The ice is going out of the Boston Arena again this spring. If all goes according to plan, it will never return.

Although speculation after sale of the Arena late in December hold that the barn-like structure might still be used for sports events, announcement from the buyers yesterday indicated that the prospect is dead, if it ever existed.

Benjamin I. Goldberg, Boston attorney who represents the purchasers, most of them New Yorkers, said yesterday that the group is "definitely not interested" in continuing any form of sports at the Arena, after March 15.

Off to Mexico

On the contrary, Goldberg said, the ice-making plant may be sold to "a party in Mexico." He added, "our efforts will be entirely towards converting and operating the building as a place for industrial concerns."

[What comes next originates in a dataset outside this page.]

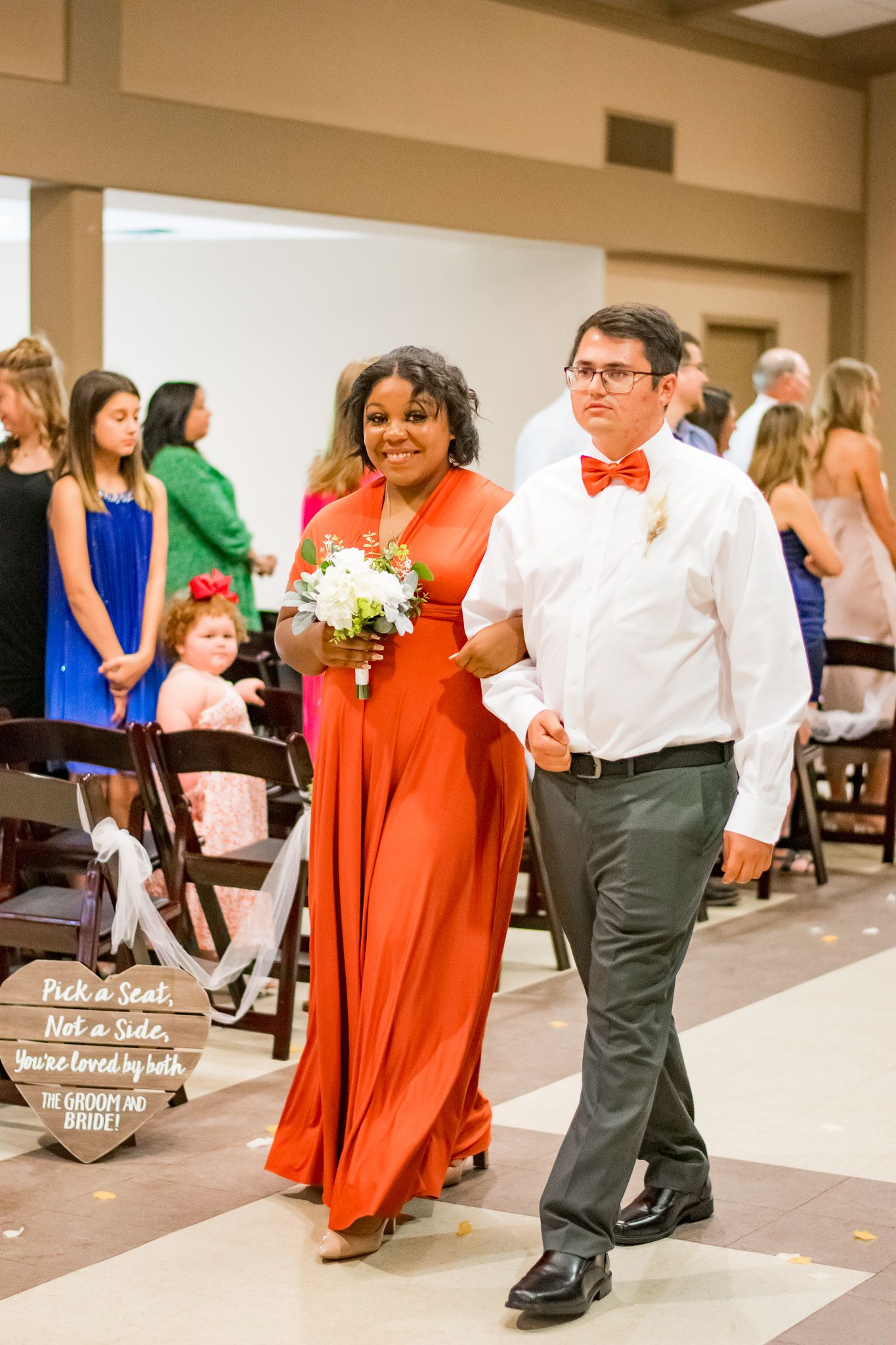 Wedding attendants in orange and white attire process down church aisle carrying bouquets.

All sporting contracts with the present Arena management will be fulfilled by the March date, Goldberg noted. The Crimson six, among other college and high school teams, has several games still scheduled at the St. Botolph Street ice palace. All hockey and basketball teams will be allowed to finish the season, however.

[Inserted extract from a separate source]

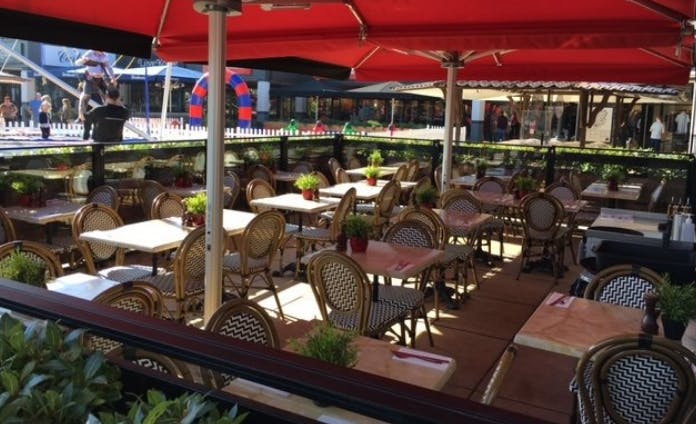 Outdoor dining area at Café Rouge Cheshire Oaks with red umbrellas, ideal for summer events.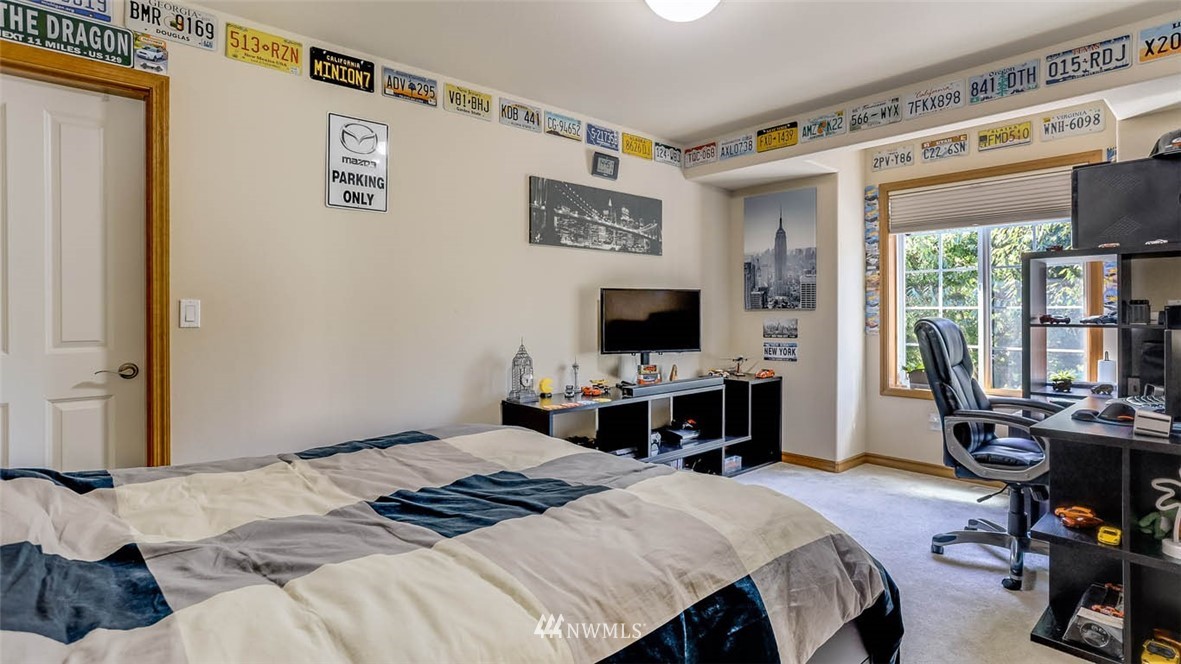 21131 37th Avenue Southeast Bothell, WA 98021 - Photo 35 of 40 a bedroom with a bed and a flat screen tv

The Crimson, at present, uses the Arena ice for practice sessions almost every afternoon. House teams also have the ice with some degree of frequency.

It was known that the Arena has been on the block for some time before the December sale. Last spring, a hockey rink fund drive commenced here after owner Walter Brown announced his inability to keep the building operative for sports.

Later, however, Brown announced that hockey and basketball would be possible, at least for the balance of the present season.

Plaus to have the Arena bought and operated by the Metropolitan District Commission as a schoolboy hockey paradise fizzled both in spring and fall.

As a unit, schoolboy hockey has already been curtailed. House team schedules have also suffered from the Arena's "economy policies apparently, "make it pay or else.